# 6DoF Visual Positioning

It is possible to position and orientate an object relative to a camera, given only three of its points (e.g. LEDs) in image-space. In fact, this is the minimal visual positioning system. It infers depth from the object’s size, rather than using a stereo camera system. It also infers the object’s 3-DOF orientation (with a single 2-way ambiguity).

The pose (position + orientation) of an object is a 6-DOF system (see Expressing Rotation). The three points in image-space each provide 2 coordinate variable, giving 6 variables in total.

The transformation from the 3×2 coordinate variables to 6-DOF pose is a non-trivial, non-linear transformation. By making a “far-field” approximation (that the object’s extent is much smaller than its distance from the camera) we can derive closed-form formulas that accomplish this transformation extremely efficiently.

These formulas provide the position in spherical coordinates ($\phi, \theta, r$) and the orientation as a quaternion ($a + b \boldsymbol{i} + c \boldsymbol{j} + d \boldsymbol{k}$)
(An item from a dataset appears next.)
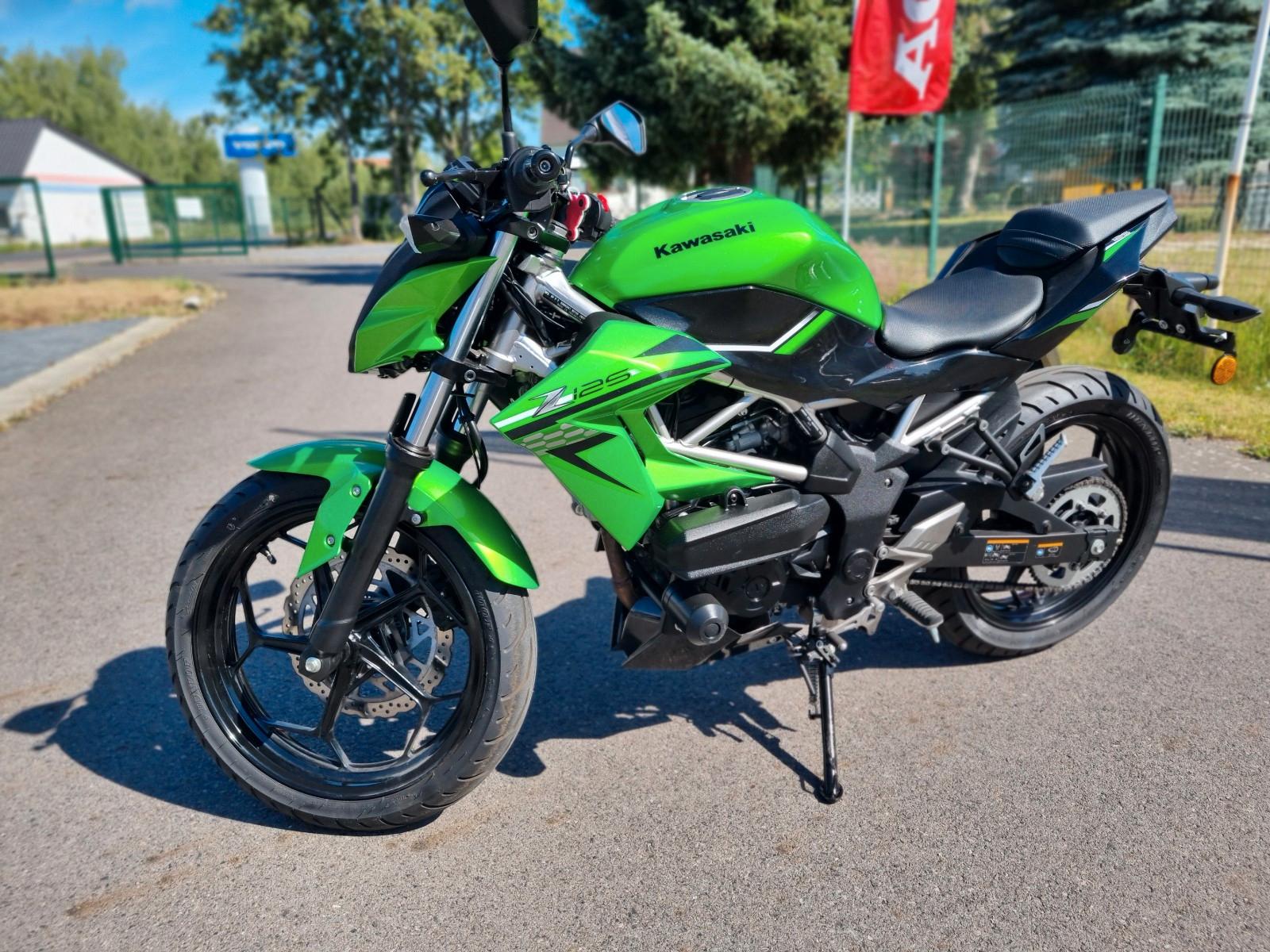 Kawasaki Z 125 ABS 4 cm tiefer gelegt, Ganganzeige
The video below demonstrates this positioning system in action. It uses 4 LEDs rather than 3. Within this set of 4 LEDs, there are four different triples of LEDs that can be positioned using the technique above. This redundancy gives the system additional reliability, in case it temporarily looses track of one of the LEDs.
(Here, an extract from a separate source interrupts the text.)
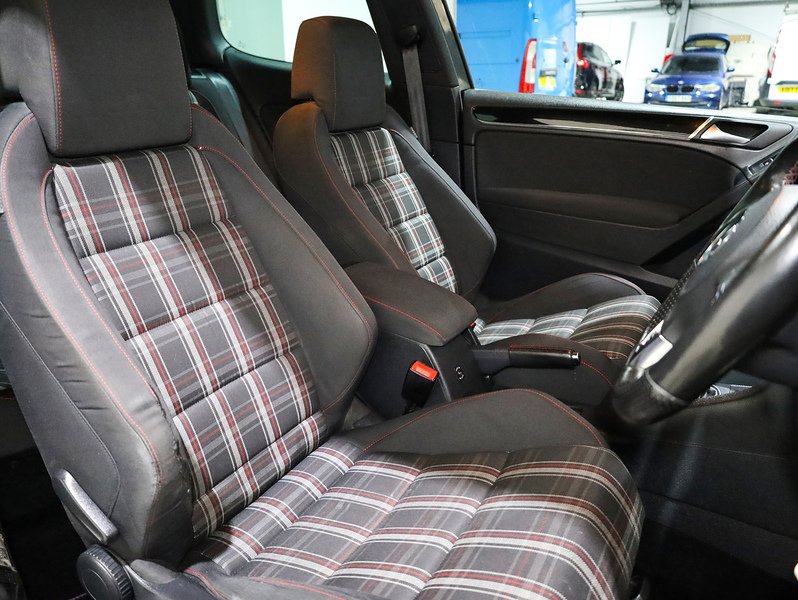 Used Volkswagen Golf 2009 for sale - 77422922: Photo 14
### 3 Responses to “6DoF Visual Positioning”

• Wang Yu says:

nice~

• Max DeVos says:

Could you help me understand how the coordinates are returned? I understand the quaternion, but I don’t understand how all three spherical coodinates are returned, and I don’t understand how “r” is found. Could you, or someone, please help me with this.

Anything is appreciated,
-Max DeVos